Supply Chain Movement
Supply Chain Management refers to designing, planning, executing, controlling and monitoring of supply chain activities with the primary aim of establishing sustainable competitive advantage, creating value for the customer, coordinating supply and demand and global performance management (Naresh, 2007). Supply chain management is carried out in all the processes, involving the movement of raw materials, inventory of the work in progress and distribution of finished goods to the customers. The usage of supply chain management is diverse, including the establishment of effective supply chains and competing in a global marketplace. The usage of supply chain management is also an essential element in the establishment of global joint ventures and strategic alliances and partnerships (Wild, 1995). Supply chain management also plays an integral role in the creating of customer satisfaction at the delivery point. Supply chain management is also used in increasing efficiency, elimination of bottlenecks during distributions through the establishing of a chain that responds to the customer needs. Supply chain management is also applied in the integration of core business processes across the supply chain with the main objective of creating value for both customers and stakeholders. Other business operations that can be integrated with supply chain management include sourcing, management of logistics and procurement (Naresh, 2007).

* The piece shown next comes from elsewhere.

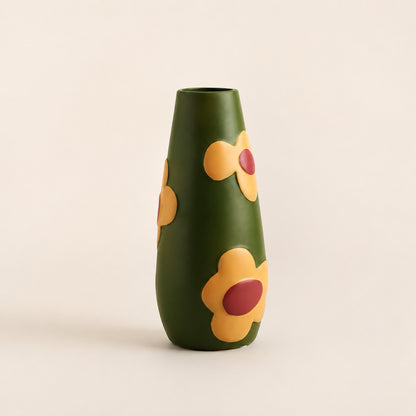 Fresco hand-painted ceramic vase in Green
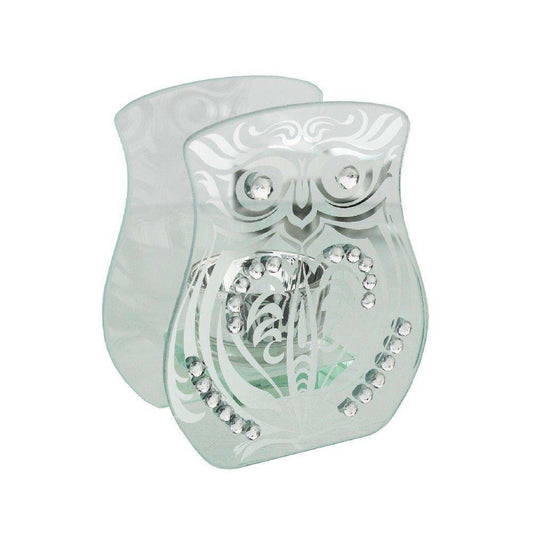 Hestia Single Tea Light Holder Mirror Owl Design 10cm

Range is a term used in descriptive statistics to mean the length of the smallest interval that holds all the data that is obtained through subtracting the sample minimum from the sample minimum. Range is mainly used for indicating the statistical dispersion (Naresh, 2007). Range is a crucial aspect of quality control, which is primarily used in studying the variations observed in the quality of the manufactured units, whereby all the units that are manufactured within the range are accepted and those falling outside the range are rejected. Range can also be used in evaluating the safety stock level depending on the current requirements, this implies that range can be deployed for planning purposes. Range charts are used in the observation of variable statistics that are used in assessing the disparity between the observations made in a given time. As a statistical variable, range plays an integral in the creation of quality control charts (Naresh, 2007).